[Dataset items]
============================================================
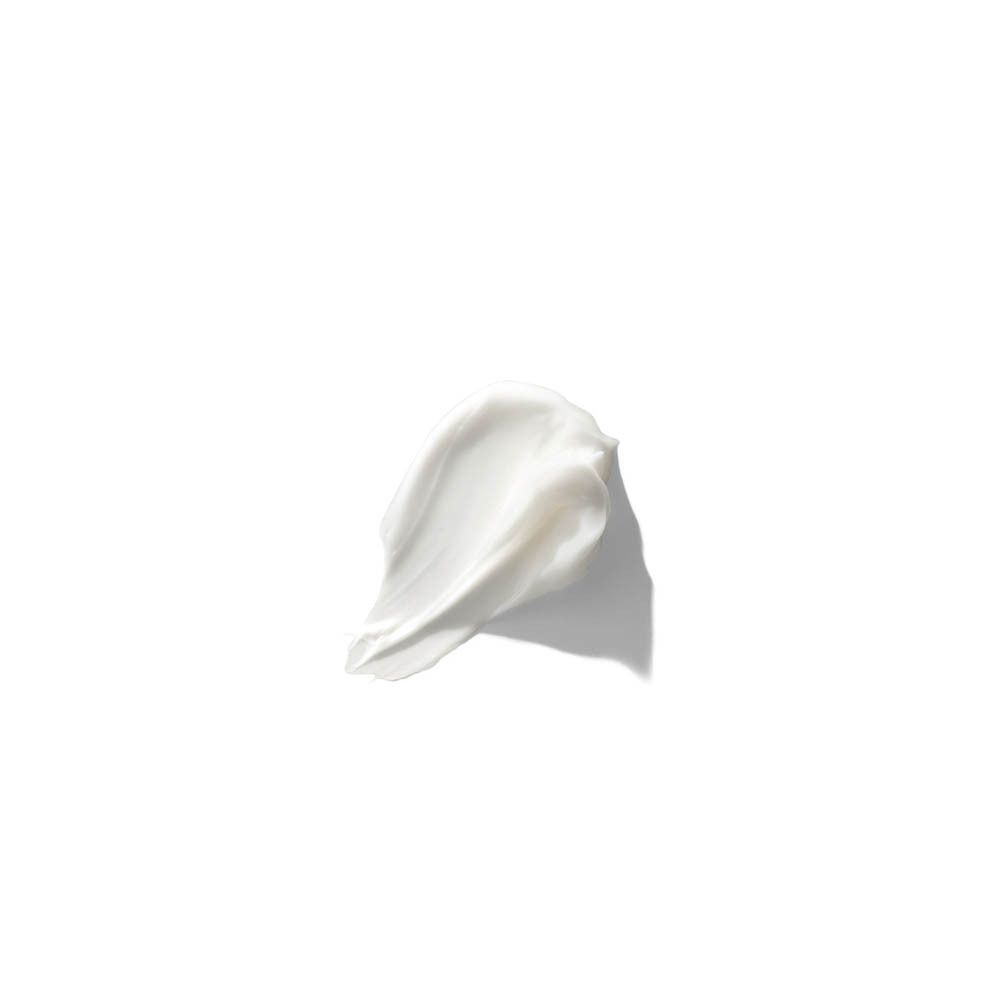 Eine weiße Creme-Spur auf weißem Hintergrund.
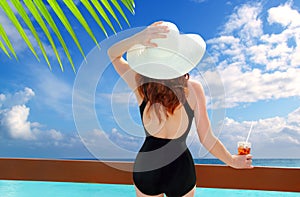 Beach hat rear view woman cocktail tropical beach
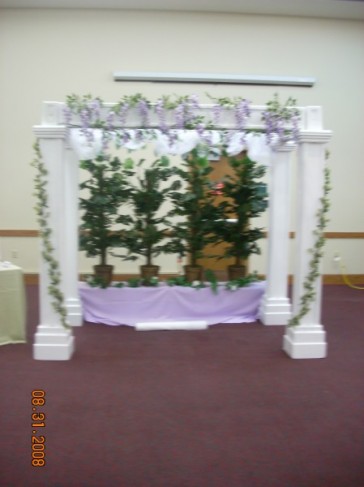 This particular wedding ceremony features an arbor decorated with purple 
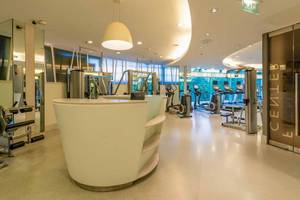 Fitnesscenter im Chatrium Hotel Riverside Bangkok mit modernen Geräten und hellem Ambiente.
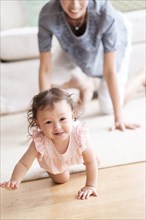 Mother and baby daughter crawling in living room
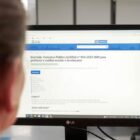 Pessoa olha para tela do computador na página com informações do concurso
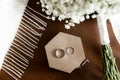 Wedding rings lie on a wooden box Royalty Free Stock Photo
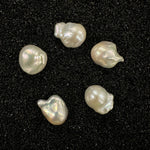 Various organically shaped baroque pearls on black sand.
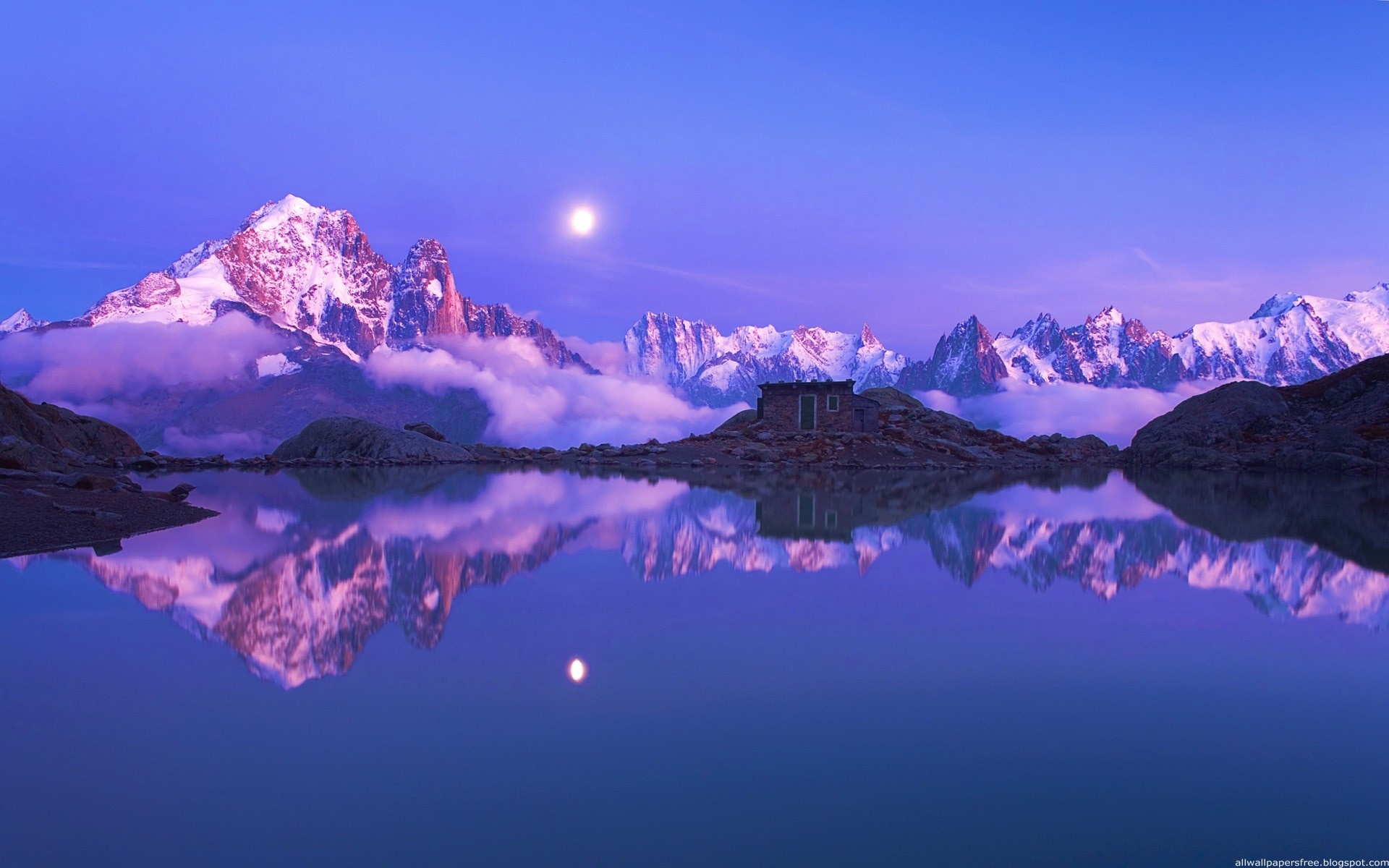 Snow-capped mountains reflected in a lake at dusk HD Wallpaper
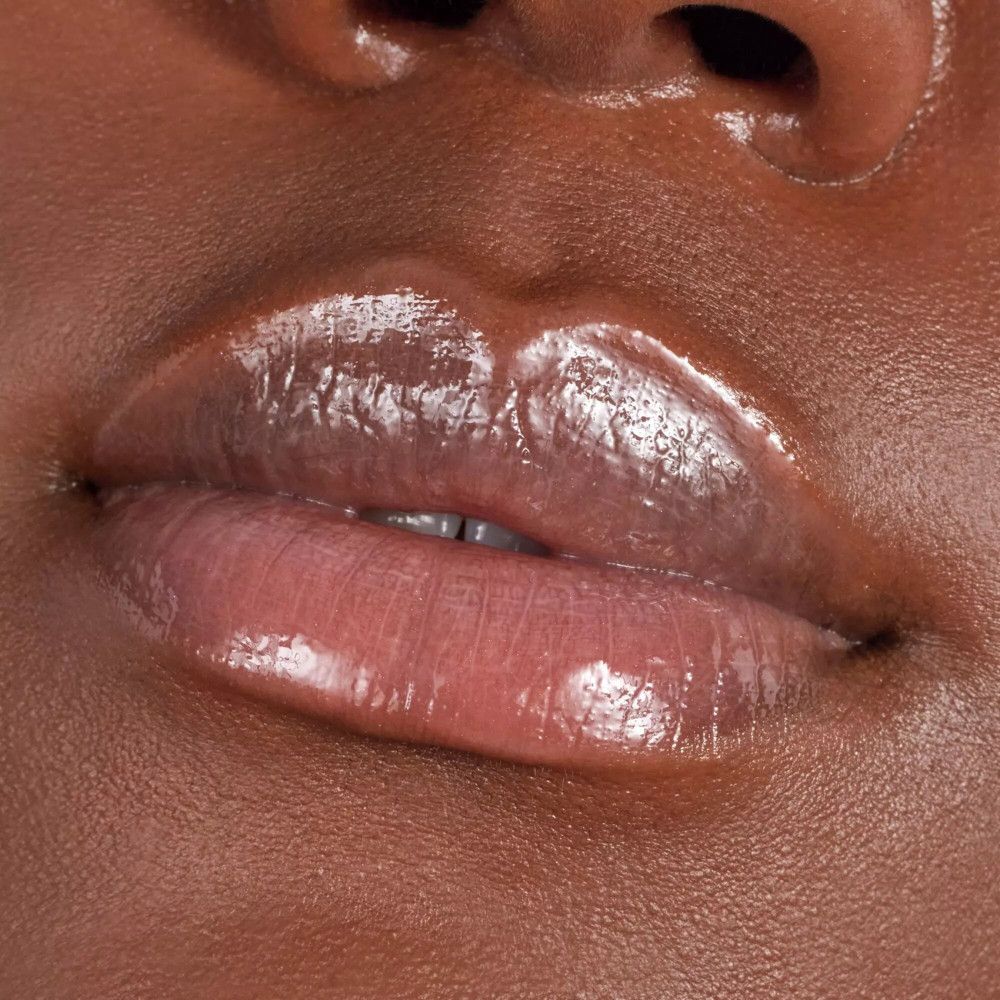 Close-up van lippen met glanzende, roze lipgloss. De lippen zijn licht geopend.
============================================================
> [Work required]: Please repeat the records above exactly, leaving every picture out.

> [Reply]:
 Eine weiße Creme-Spur auf weißem Hintergrund.
 Beach hat rear view woman cocktail tropical beach
 This particular wedding ceremony features an arbor decorated with purple 
 Fitnesscenter im Chatrium Hotel Riverside Bangkok mit modernen Geräten und hellem Ambiente.
 Mother and baby daughter crawling in living room
 Pessoa olha para tela do computador na página com informações do concurso
 Wedding rings lie on a wooden box Royalty Free Stock Photo
 Various organically shaped baroque pearls on black sand.
 Snow-capped mountains reflected in a lake at dusk HD Wallpaper
 Close-up van lippen met glanzende, roze lipgloss. De lippen zijn licht geopend.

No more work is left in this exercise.